The site hosted about a dozen videos showing things like Israeli humanitarian aid deliveries to Gaza and airstrikes that prevented terrorists from firing rockets at Israeli civilians.
This was apparently too much for YouTube, which moments ago removed several videos from the IDF’s channel, including the most-watched video, which showed a group of Hamas goons being blown up in an air strike as they loaded Katyusha missiles onto a truck. The point of such footage, as if it needed to be said, is not to revel in violence — it is to show the legitimacy of Israeli self-defense.
I can't see the removed videos, so I don't know what led to their removal. One likely explanation is that YouTube felt they violated its "Community Guidelines," which provide:
Graphic or gratuitous violence is not allowed. If your video shows someone being physically hurt, attacked, or humiliated, don't post it.
Commentary suggests that YouTube is applying a "double-standard" against Israel; I'm reluctant to credit any such charge without a lot more evidence. But whatever the reason for the videos' removal, this episode highlights the power that YouTube has to control worldwide political debate, as this very interesting article in the New York Times Magazine explained:
With control of 63 percent of the world’s Internet searches, as well as ownership of YouTube, Google has enormous influence over who can find an audience on the Web around the world. As an acknowledgment of its power, Google has given [Deputy General Counsel] Nicole Wong a central role in the company’s decision-making process about what controversial user-generated content goes down or stays up on YouTube and other applications owned by Google, including Blogger, the blog site; Picasa, the photo-sharing site; and Orkut, the social networking site. Wong and her colleagues also oversee Google’s search engine: they decide what controversial material does and doesn’t appear on the local search engines that Google maintains in many countries in the world, as well as on Google.com. As a result, Wong and her colleagues arguably have more influence over the contours of online expression than anyone else on the planet.
As I learned while working as an attorney on the McCain campaign, the best way to get a video you don't like removed from YouTube is to claim that it infringes on your copyright -- even if it doesn't. Even if the claim is totally bogus, YouTube will remove the video almost immediately. And even if the person who posted the video submits a counternotice under the DMCA, the video will stay down 10-14 business days. After having several of the campaign's YouTube videos (see here and here and here) removed due to copyright claims we believed were meritless, we wrote YouTube asking them to review campaign videos prior to removal, and refuse to remove the non-infringing ones. YouTube, though sympathetic with our arguments on fair use, politely declined.

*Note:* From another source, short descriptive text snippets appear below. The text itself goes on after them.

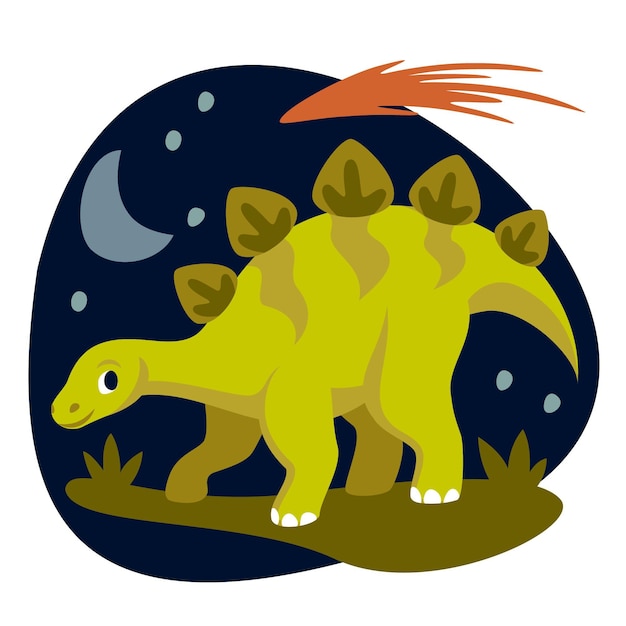 Плоская иллюстрация динозавра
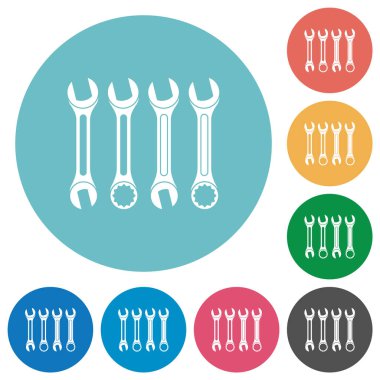 Yuvarlak renk arkaplanlarında düz beyaz simgeler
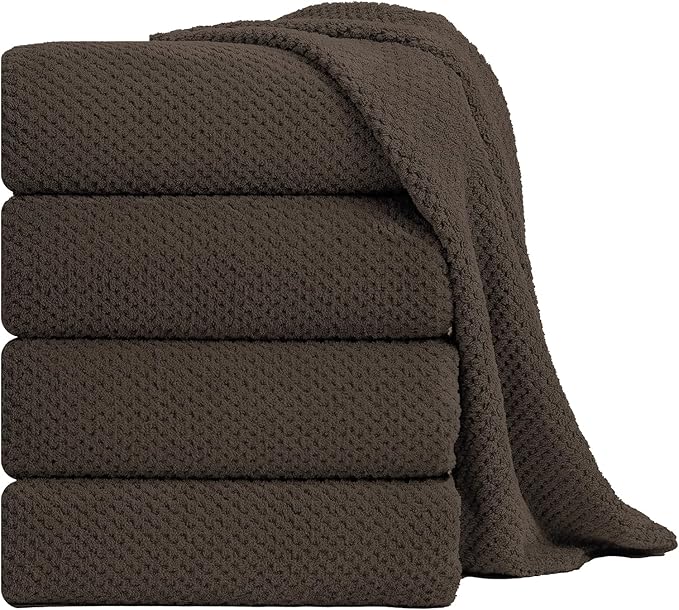 Smuge Extra Large Bath Towel Sheet Set 35x70 Inches - Oversized Bath Towels Set,Large Microfiber - Quick Dry,Lightweight,Super Soft,Highly Absorbent Towel Set for Bathroom,Pack of 4(Seal Brown) by Smuge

So if Hamas really wanted to mess with the IDF's PR efforts, why doesn't it just submit a bunch of DMCA takedown notices on the IDF's YouTube videos? Somehow I doubt that people willing to blow up both themselves and innocents in buses and restaurants will be deterred by the threat of lawsuits under 17 USC sec. 512(f).
UPDATE: according to AFP, the removed videos have been restored:
The IDF spokesman's office said that some of the videos it had posted to the channel had been removed by YouTube but were later reinstated.
"We were saddened earlier today that YouTube took down some of our exclusive footage showing the IDF's operational success in operation Cast Lead against Hamas extremists in the Gaza Strip," the IDF spokesman's office said.
"Fortunately, due to blogger and viewer support, YouTube has returned some of the footage they removed," it added.
YouTube, as a matter of policy, does not comment on individual videos.